No tengo intención de reprender a mis colegas o a otros no creyentes del mundo universitario, sino más bien de llamar la atención sobre los aspectos de la mentalidad laicista dominante que hacen que la idea de la conversión sea prácticamente incomprensible. Para el ámbito académico, el lenguaje y la práctica de la fe pertenecen a un mundo extraño. Al no entender la fe, no están preparados para entender la conversión. Habiendo sido parte durante mucho tiempo de esa mentalidad imperante entre los intelectuales, entiendo muy bien de dónde proceden, y reconozco de buen grado que, desde luego, yo estaría allí mismo si no fuera por la Gracia de Dios. Sin embargo, lo importante es que mi largo aprendizaje en ese mundo me permite reflexionar sobre los prejuicios por los que se elimina un amplio campo de nuestra cultura en su conjunto, desafiando a la fe a cada paso. Tan firme es su dominio sobre nuestra cultura que están impregnando imperceptiblemente el tejido de la propia fe, retando constantemente a los creyentes a justificar y re-justificar nuestras creencias.

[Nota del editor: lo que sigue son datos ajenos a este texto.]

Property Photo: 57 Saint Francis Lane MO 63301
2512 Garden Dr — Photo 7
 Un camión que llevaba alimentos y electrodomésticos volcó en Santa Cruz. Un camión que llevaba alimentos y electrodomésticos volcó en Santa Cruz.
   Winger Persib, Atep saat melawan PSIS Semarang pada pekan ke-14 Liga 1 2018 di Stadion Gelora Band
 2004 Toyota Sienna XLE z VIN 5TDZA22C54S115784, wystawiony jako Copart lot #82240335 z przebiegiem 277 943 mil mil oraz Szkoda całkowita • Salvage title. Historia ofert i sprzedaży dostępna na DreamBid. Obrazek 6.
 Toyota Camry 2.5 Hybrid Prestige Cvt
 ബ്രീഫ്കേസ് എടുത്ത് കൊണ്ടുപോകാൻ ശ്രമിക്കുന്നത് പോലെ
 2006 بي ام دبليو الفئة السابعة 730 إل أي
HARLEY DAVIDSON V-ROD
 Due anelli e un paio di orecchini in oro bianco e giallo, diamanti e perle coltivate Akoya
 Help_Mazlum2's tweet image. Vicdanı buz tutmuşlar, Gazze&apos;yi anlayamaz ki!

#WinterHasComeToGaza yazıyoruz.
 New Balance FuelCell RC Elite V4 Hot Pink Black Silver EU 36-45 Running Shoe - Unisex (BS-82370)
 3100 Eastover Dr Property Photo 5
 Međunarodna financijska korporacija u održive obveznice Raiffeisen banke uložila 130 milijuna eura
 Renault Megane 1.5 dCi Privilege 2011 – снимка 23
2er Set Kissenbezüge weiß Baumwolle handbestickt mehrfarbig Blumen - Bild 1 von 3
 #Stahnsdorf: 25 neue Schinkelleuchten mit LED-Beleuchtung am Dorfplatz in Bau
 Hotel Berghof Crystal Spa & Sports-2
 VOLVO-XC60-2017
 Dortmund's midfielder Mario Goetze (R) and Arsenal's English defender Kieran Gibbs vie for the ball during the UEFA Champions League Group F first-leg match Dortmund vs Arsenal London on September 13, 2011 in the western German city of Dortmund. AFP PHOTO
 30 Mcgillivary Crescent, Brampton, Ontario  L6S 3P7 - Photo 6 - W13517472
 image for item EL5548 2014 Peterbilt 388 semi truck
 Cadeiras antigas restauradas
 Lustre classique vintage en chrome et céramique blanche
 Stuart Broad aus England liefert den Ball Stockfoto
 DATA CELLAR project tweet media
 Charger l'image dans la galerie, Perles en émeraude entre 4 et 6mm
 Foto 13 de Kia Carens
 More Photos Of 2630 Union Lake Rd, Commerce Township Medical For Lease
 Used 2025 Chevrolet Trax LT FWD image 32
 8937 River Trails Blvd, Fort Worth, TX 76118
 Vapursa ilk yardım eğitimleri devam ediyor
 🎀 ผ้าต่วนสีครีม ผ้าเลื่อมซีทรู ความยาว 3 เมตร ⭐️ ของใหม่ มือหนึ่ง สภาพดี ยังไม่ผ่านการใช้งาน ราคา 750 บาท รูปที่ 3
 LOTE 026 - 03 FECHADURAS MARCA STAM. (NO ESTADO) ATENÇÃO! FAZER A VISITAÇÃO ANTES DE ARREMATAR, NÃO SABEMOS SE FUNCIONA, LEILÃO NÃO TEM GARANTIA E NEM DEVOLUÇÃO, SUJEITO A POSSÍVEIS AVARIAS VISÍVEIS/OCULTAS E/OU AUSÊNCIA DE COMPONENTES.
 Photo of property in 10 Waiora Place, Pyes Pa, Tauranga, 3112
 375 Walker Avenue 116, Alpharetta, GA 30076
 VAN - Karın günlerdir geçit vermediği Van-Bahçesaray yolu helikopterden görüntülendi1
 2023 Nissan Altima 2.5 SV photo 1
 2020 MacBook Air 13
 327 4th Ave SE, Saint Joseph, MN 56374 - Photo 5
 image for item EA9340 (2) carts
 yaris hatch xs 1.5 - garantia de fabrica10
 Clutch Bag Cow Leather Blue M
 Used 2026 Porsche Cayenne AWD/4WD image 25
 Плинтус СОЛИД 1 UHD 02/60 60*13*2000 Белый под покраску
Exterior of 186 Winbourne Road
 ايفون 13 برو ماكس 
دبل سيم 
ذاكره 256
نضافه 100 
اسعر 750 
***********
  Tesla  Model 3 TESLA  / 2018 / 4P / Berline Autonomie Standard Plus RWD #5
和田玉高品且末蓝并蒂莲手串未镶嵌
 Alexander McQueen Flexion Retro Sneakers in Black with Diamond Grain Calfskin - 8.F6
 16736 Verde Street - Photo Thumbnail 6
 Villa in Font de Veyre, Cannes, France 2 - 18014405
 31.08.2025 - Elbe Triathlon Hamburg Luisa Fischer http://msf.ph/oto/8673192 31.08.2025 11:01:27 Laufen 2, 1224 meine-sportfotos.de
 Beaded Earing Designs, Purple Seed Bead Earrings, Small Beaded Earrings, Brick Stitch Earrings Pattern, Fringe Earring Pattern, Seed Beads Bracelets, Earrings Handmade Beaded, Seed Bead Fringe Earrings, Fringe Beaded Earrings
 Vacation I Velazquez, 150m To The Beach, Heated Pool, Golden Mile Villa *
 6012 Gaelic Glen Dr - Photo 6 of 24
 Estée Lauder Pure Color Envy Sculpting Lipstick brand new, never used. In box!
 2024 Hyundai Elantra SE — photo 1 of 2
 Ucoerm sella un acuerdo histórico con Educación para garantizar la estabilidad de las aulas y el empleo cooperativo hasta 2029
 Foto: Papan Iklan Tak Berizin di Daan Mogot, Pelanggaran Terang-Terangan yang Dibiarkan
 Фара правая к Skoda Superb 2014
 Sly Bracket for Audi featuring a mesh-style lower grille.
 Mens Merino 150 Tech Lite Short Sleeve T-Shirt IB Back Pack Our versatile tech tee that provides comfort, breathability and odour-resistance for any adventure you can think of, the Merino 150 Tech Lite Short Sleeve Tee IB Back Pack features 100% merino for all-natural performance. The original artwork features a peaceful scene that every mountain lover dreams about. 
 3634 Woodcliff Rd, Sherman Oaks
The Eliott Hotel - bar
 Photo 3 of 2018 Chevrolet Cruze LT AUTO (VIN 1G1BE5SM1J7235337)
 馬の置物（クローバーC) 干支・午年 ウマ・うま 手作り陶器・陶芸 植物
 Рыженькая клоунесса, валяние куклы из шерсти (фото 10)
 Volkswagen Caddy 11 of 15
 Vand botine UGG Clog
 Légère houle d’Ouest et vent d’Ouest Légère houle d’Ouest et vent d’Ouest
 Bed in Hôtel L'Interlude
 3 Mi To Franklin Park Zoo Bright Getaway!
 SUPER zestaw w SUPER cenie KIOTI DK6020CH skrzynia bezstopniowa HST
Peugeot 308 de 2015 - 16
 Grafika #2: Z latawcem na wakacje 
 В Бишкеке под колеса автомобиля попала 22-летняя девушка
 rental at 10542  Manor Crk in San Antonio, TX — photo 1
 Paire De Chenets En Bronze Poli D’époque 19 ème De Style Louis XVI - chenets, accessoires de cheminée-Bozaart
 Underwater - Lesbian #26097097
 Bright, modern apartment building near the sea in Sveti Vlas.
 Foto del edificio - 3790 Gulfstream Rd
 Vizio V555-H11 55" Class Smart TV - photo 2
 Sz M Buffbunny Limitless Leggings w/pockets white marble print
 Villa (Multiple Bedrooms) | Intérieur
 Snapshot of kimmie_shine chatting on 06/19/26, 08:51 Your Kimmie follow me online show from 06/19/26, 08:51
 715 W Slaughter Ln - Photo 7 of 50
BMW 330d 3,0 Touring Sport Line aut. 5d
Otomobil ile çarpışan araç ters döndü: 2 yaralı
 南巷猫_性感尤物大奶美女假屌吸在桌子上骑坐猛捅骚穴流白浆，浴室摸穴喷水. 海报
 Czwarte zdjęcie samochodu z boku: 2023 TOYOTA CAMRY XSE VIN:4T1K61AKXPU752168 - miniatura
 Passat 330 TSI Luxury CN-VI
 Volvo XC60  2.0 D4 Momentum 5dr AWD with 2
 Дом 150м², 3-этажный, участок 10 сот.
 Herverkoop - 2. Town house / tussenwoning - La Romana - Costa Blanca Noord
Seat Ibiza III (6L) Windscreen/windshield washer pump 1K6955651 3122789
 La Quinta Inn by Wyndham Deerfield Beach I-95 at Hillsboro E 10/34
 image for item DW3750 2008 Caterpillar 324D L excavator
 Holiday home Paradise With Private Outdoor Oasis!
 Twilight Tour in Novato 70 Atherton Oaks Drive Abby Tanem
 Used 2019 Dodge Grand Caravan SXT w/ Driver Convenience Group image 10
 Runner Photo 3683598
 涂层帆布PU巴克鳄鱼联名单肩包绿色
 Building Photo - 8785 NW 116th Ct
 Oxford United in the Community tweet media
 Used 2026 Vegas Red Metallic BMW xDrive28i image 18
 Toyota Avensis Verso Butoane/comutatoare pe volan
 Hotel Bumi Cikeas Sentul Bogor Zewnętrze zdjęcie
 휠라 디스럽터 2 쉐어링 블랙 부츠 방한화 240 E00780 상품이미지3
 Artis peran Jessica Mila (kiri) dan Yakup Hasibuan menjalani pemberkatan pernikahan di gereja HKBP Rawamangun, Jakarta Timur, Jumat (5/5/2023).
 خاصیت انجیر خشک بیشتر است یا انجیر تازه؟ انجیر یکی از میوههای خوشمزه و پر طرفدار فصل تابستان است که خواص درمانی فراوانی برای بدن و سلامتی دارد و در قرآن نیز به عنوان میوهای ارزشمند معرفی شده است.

Hasta hoy, no puedo señalar ni un solo momento de conversión, ni una luz cegadora que me abriera los ojos, ni una flecha que atravesara mi corazón. Casi imperceptiblemente, el equilibrio entre la duda y la fe cambió
Los creyentes, en marcado contraste con los no creyentes, acogen las historias de conversión como una evidencia alentadora de la gracia de Dios y las obras del Espíritu Santo. La conversión de un intelectual en particular parece arrebatar un alma de las mismas garras del feminismo, comunismo, nihilismo, ateísmo o alguna otra ideología secular de moda. Dada la amplia brecha entre creencia e increencia que ambas partes perciben, no es sorprendente que tanto los observadores hostiles como los simpatizantes crean que las historias de conversión son dramáticas. Como san Pablo en el camino a Damasco, se espera generalmente que el converso haya experimentado un momento de iluminación cegadora seguido de un cambio radical de vida. Esta expectativa hace patente esa sensación generalizada de que los principios de la fe y los del mundo, los de Jerusalén y los de Atenas, están en conflicto. Aunque no discuto en concreto el significado de las profundas diferencias entre los puntos de vista y las actitudes de creyentes y no creyentes, yo misma no experimenté la conversión como una ruptura radical con mi pasado. Esto no quiere decir que no haya vivido el viaje a la fe como lo que mis estudiantes llaman «un cambio de vida», en lo esencial así fue. Sin embargo, no lo fue en otro sentido. En muchos aspectos, mi conversión encajaba perfectamente, casi sin problemas, en el continuo de mi vida y, desde esta perspectiva, era una etapa natural del viaje más que una nueva travesía.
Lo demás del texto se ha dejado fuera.